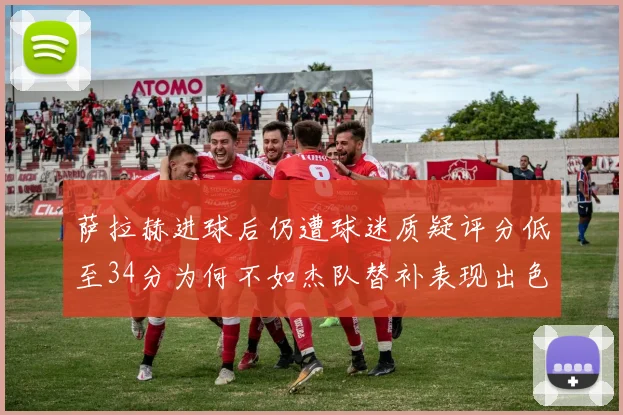 萨拉赫进球后仍遭球迷质疑评分低至34分为何不如杰队替补表现出色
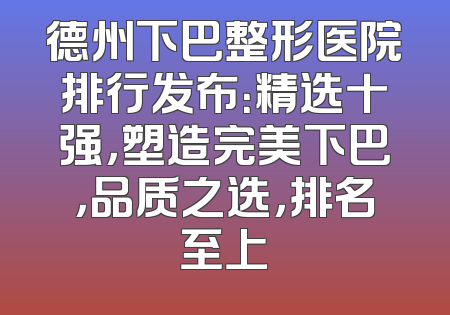 德州下巴整形医院排行发布：精选十强，塑造完美下巴，品质之选，排名至上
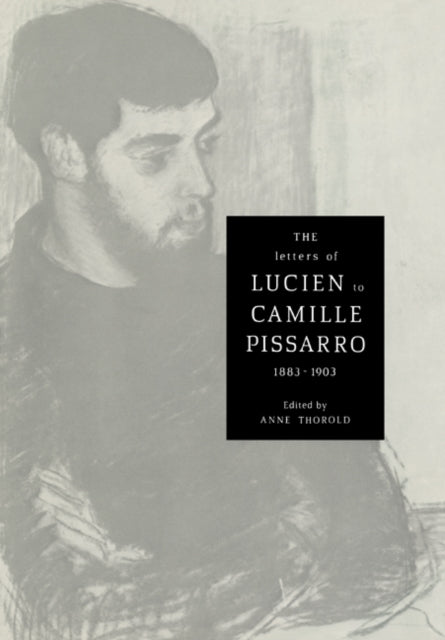 Book cover of: Letters of Lucien to Camille Pissarro, 1883–1903. By: Lucien Pissarro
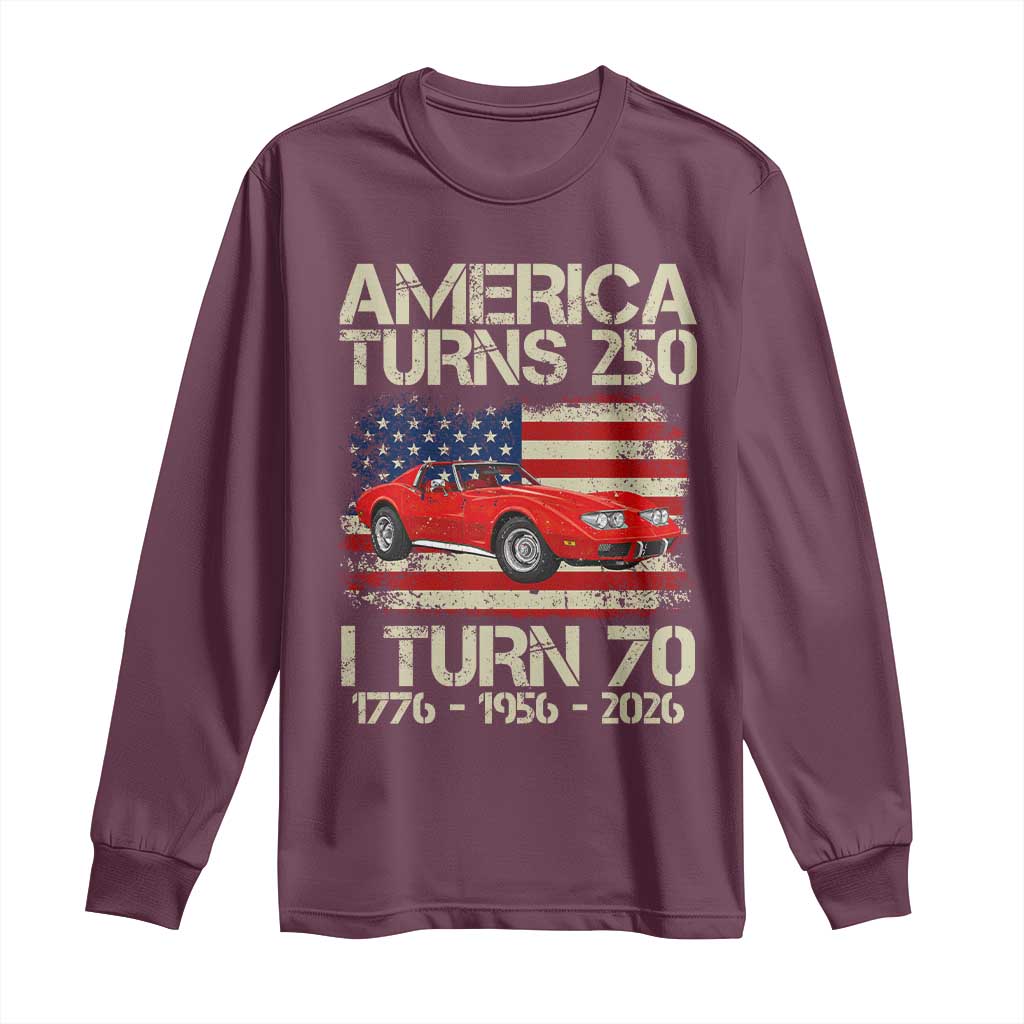 America Turns 250 I Turn 70 1956 70th Birthday Long Sleeve Shirt Sports Car Retro Americana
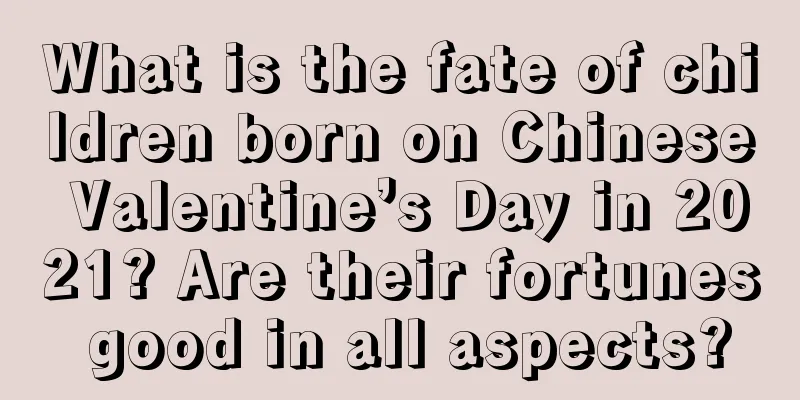 What is the fate of children born on Chinese Valentine’s Day in 2021? Are their fortunes good in all aspects?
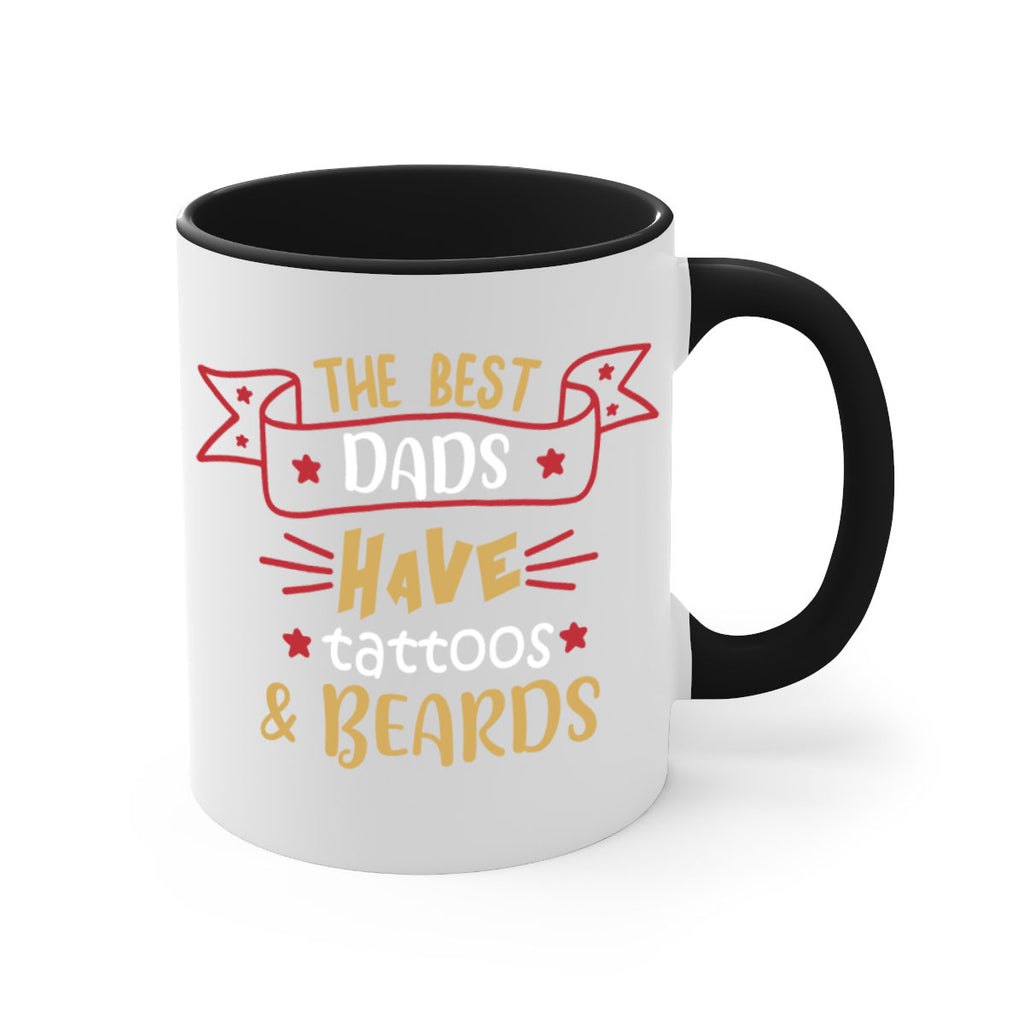 the best dads have tattoos beards 4#- fathers day-Mug / Coffee Cup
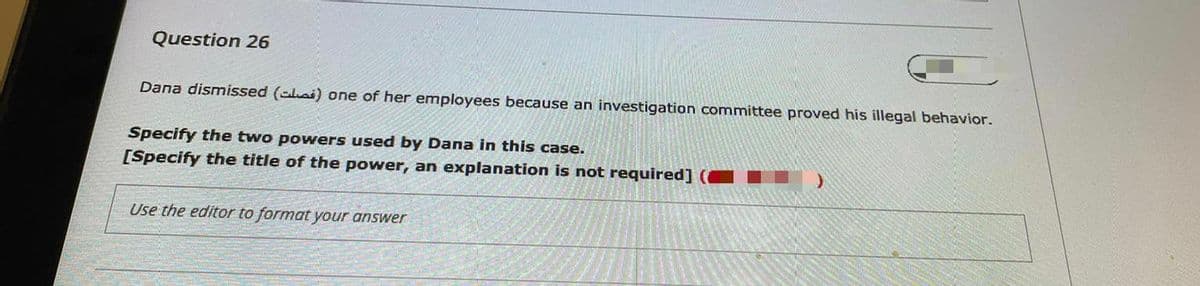 Question 26
Dana dismissed (clai) one of her employees because an investigation committee proved his illegal behavior.
Specify the two powers used by Dana in this case.
[Specify the title of the power, an explanation is not required] (
Use the editor to format your answer
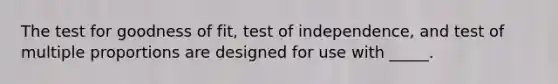 The test for goodness of fit, test of independence, and test of multiple proportions are designed for use with _____.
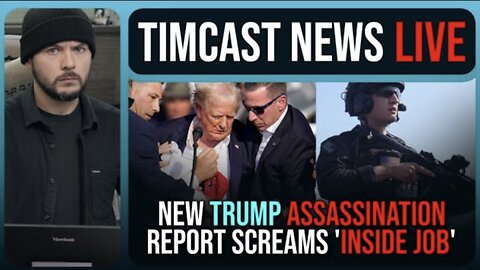 New Trump Assassination Report SCREAMS INSIDE JOB, Secret Service KNEW | Timcast News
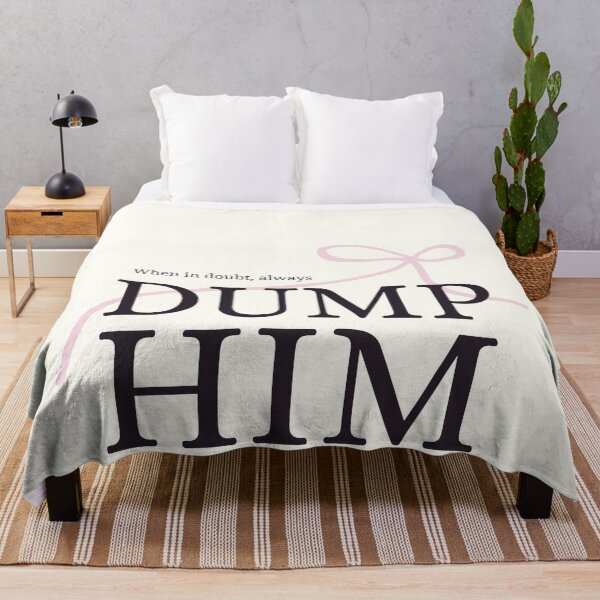 Item preview, Dump Him! designed and sold by Cintila.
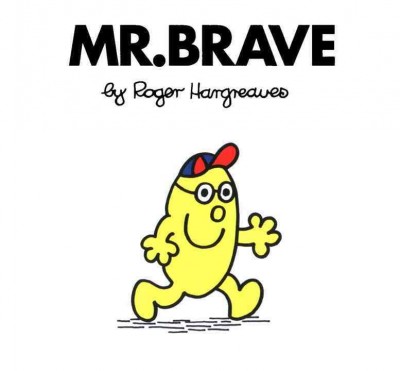 Mr. Brave / by Roger Hargreaves.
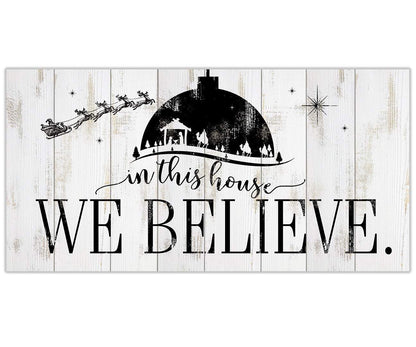 In This House We Believe - Canvas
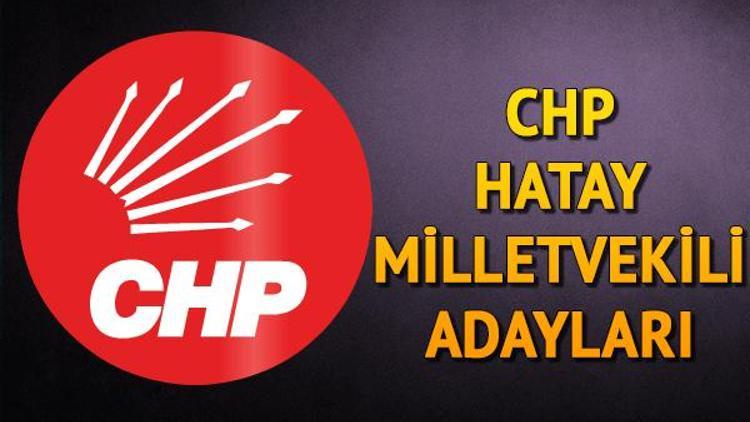 CHP Hatay Milletvekili Adayları kimler 2018 CHP Hatay Adayları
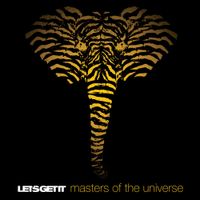 Let&rsquo;s Get It - Masters of the Universe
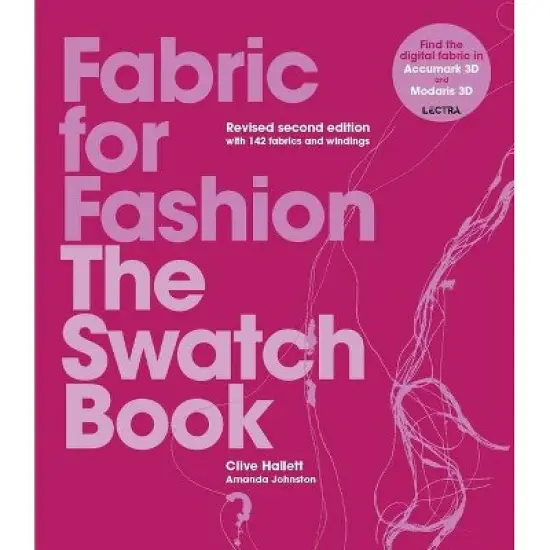 Fabric for Fashion - 2nd Edition by  Clive Hallett & Amanda Johnston (Hardcover) image {1}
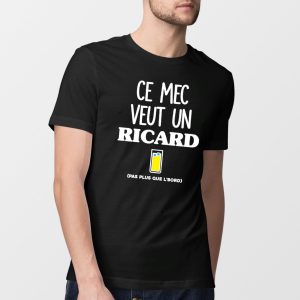T Shirt Homme Ce mec veut un Ricard 3501 3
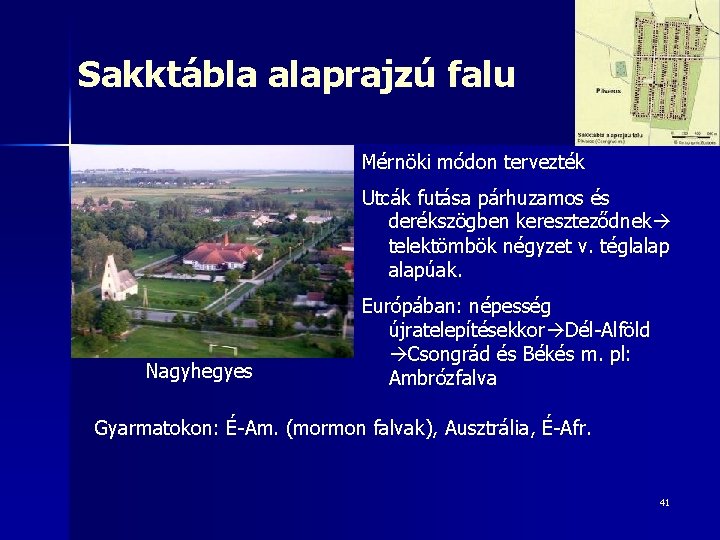 Sakktábla alaprajzú falu Mérnöki módon tervezték Utcák futása párhuzamos és derékszögben kereszteződnek telektömbök négyzet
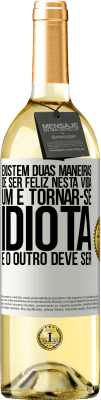 29,95 € Envio grátis | Vinho branco Edição WHITE Existem duas maneiras de ser feliz nesta vida. Um é tornar-se idiota e o outro deve ser Etiqueta Branca. Etiqueta personalizável Vinho jovem Colheita 2025 Verdejo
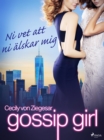 Image for Gossip Girl: Ni vet att ni alskar mig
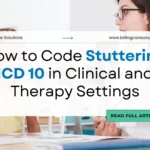 Stuttering ICD 10 | Billing Care Solutions
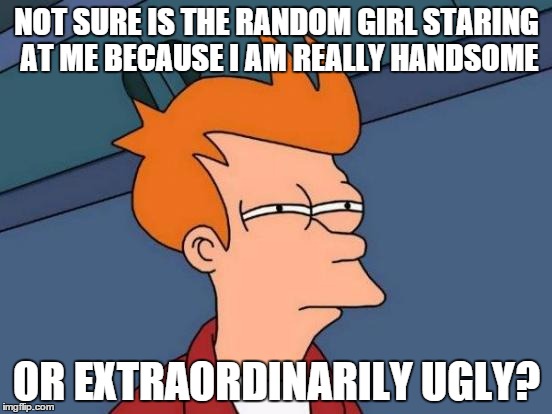 Futurama Fry Meme | NOT SURE IS THE RANDOM GIRL STARING AT ME BECAUSE I AM REALLY HANDSOME; OR EXTRAORDINARILY UGLY? | image tagged in memes,futurama fry | made w/ Imgflip meme maker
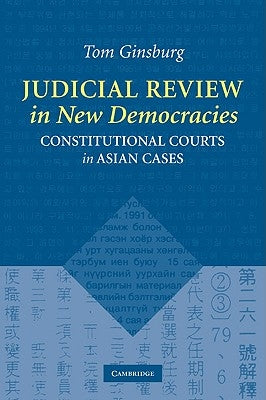 Judicial Review in New Democracies: Constitutional Courts in Asian Cases by Ginsburg, Thomas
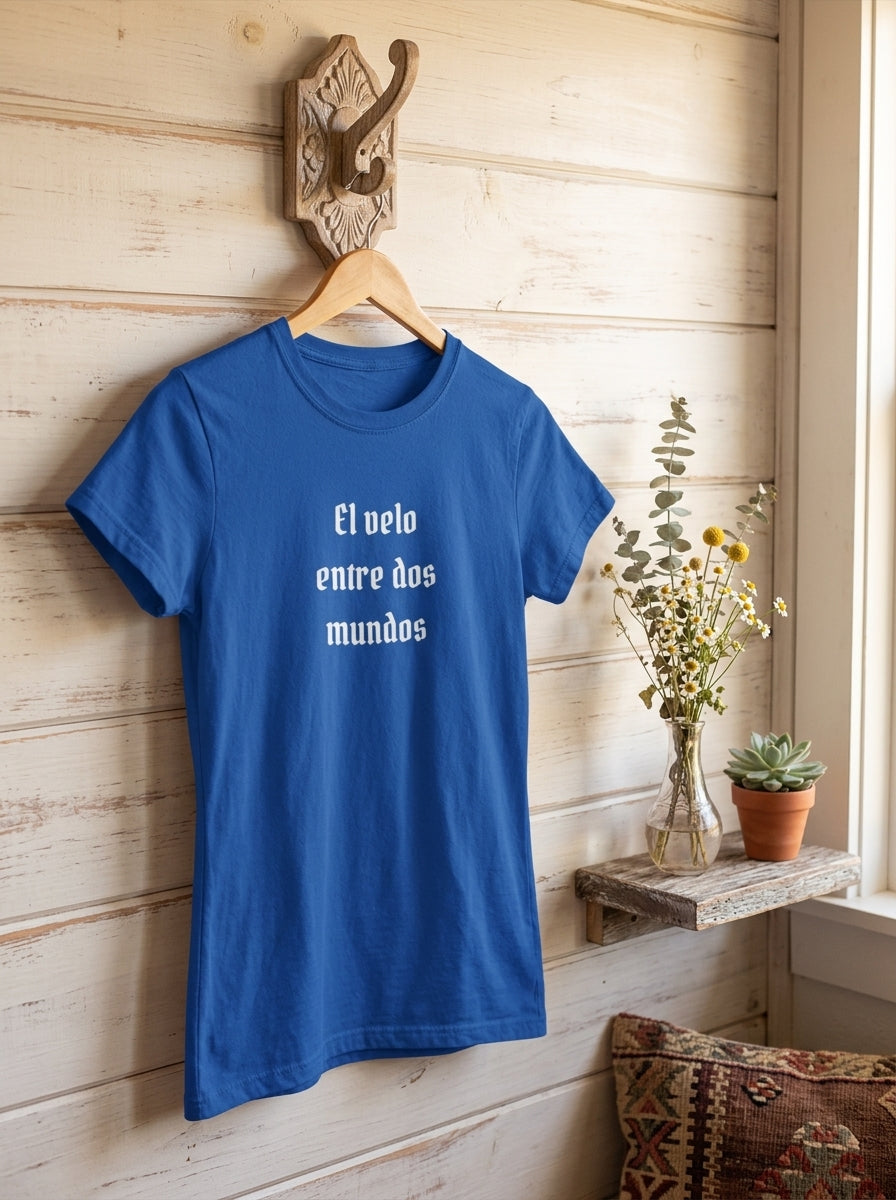 Women's El Velo Entre Dos Mundos Spanish Spiritual T-Shirt Latino Heritage Ancestral Mystic Tee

**EXERCISE REQUIREMENTS**
Your reply should consist solely of the lines above, from the opening line through the line with "Specify the two", reproduced exactly and without pictures.

**YOUR RESPONSE**
 萨拉赫进球后仍遭球迷质疑评分低至34分为何不如杰队替补表现出色
 德州下巴整形医院排行发布：精选十强，塑造完美下巴，品质之选，排名至上
 Book cover of: Letters of Lucien to Camille Pissarro, 1883–1903. By: Lucien Pissarro
 America Turns 250 I Turn 70 1956 70th Birthday Long Sleeve Shirt Sports Car Retro Americana
 What is the fate of children born on Chinese Valentine’s Day in 2021? Are their fortunes good in all aspects?
 the best dads have tattoos beards 4#- fathers day-Mug / Coffee Cup
 Question 26
Dana dismissed (clai) one of her employees because an investigation committee proved his illegal behavior.
Specify the two powers used by Dana in this case.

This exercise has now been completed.